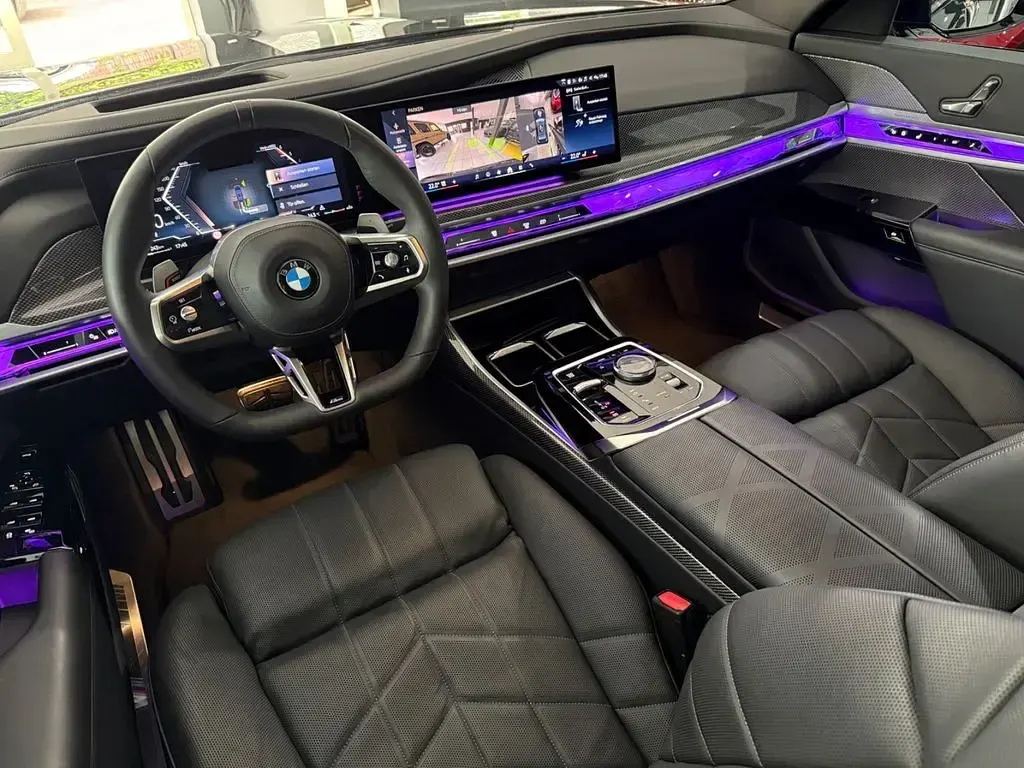 Gebraucht BMW 740 Executive 286 PS (210 kW) 2023 Schwarz Limousine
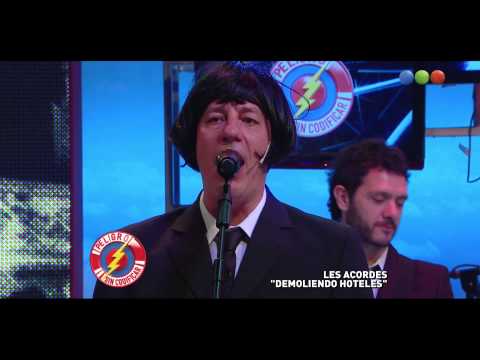 Les Acordes en vivo: "Demoliendo Hoteles" - Peligro Sin Codificar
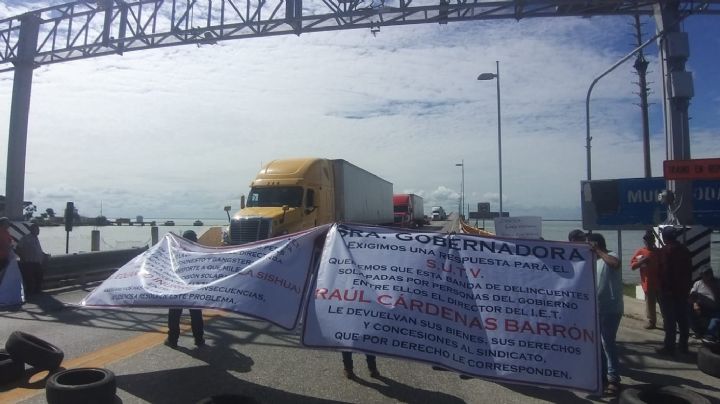 Empleados del Ayuntamiento de Ciudad del Carmen protestan en el puente Zacatal: EN VIVO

# WHAT IS REQUIRED
You are asked to reproduce each line above exactly, but to exclude the pictures.

# YOUR RESPONSE
 Gebraucht BMW 740 Executive 286 PS (210 kW) 2023 Schwarz Limousine
 Les Acordes en vivo: "Demoliendo Hoteles" - Peligro Sin Codificar
 Empleados del Ayuntamiento de Ciudad del Carmen protestan en el puente Zacatal: EN VIVO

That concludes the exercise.